Thermal energy storage is the storage technology of choice for non-dispatchable heat production (e.g. process waste heat, solar heat), or where thermal energy such as steam is converted to power, (e.g. in a turbine). Instead of first generating the power and then storing it for later use, it is often better to first store the heat and then generate the power when it is actually needed.
More concrete, thermal energy storage can be applied
In concentrating solar power plants to provide dispatchable power, also during the night
In thermal power plants to operate them more flexibly and perform quicker load changes
In combined heat and power plants to provide security of heat supply and to temporally decouple the heat and power generation
In process industries to recover and utilize heat that is otherwise lost
As a component in other energy storage applications such as for example Compressed Air Energy Storage (CAES)

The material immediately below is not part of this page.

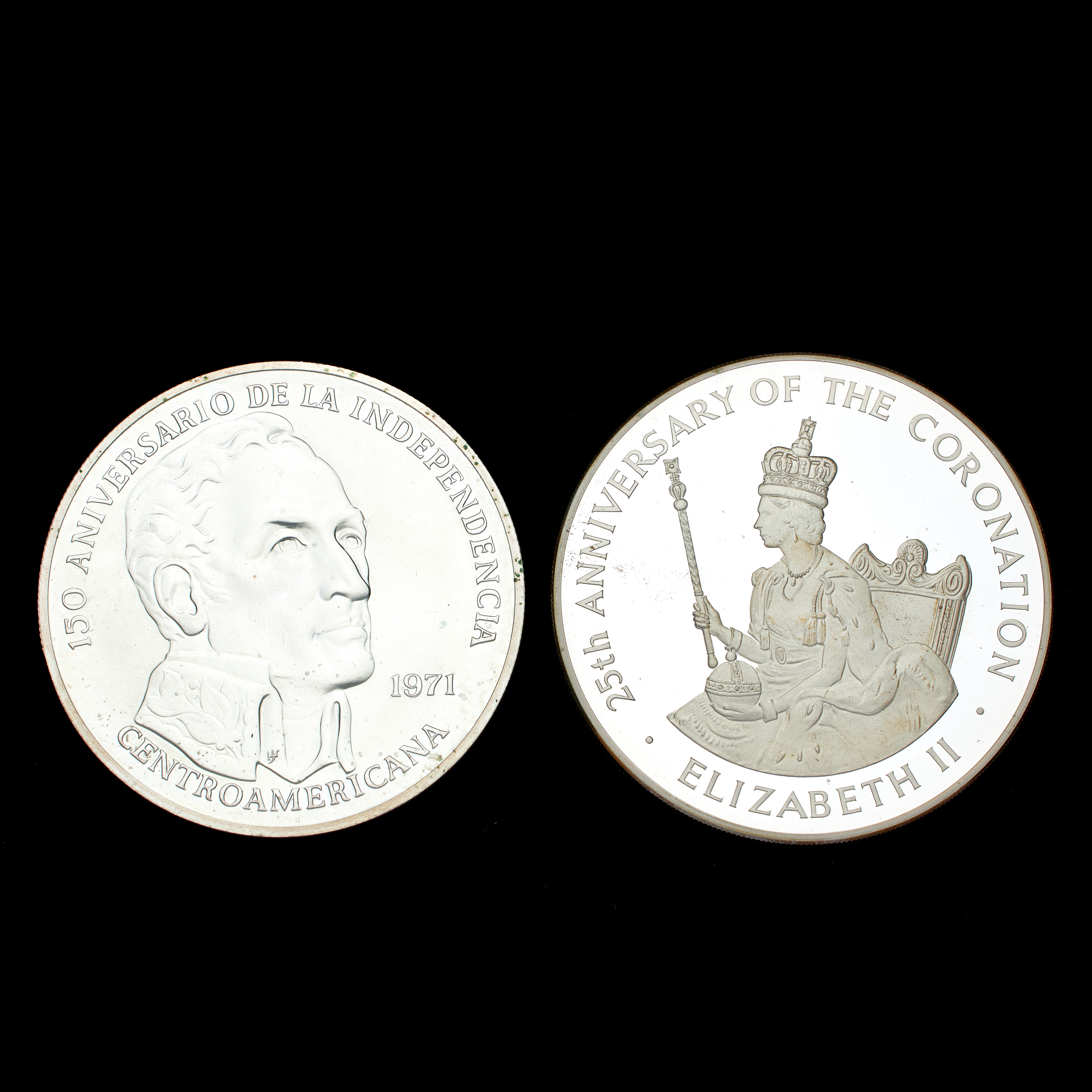 SILVERMYNT 2 st, Panama, 20 Balboa 1971, sterling samt minnesmynt Elizabeth II 25 år efter kröningen, Jamaica 1978.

Linde can draw on plenty of know-how on thermal energy systems.
Linde Engineering designs and manufactures heat exchangers of various types (coil wound, plate fin) that can be applied advantageously for high temperature thermal energy storage systems
Within Linde Clean Technologies, we utilize and expand our know-how, e.g. into the use of salt for latent heat thermal energy storage.
In this project we collaborate with the German Aerospace Center (DLR), one of the world’s leading research institutes on thermal energy storage. We will develop a latent-sensible heat storage unit based on molten salt and extruded heat exchanger tubes in order to reversibly store the enthalpy of superheated steam. This shall facilitate thermal energy storage in concentrating solar power plants with “direct steam generation” (DSG) in the solar receivers, but also energy recovery in industrial processes or flexibilization of combined heat and power production. The project is funded by the German Federal Ministry for Economic Affairs and Energy.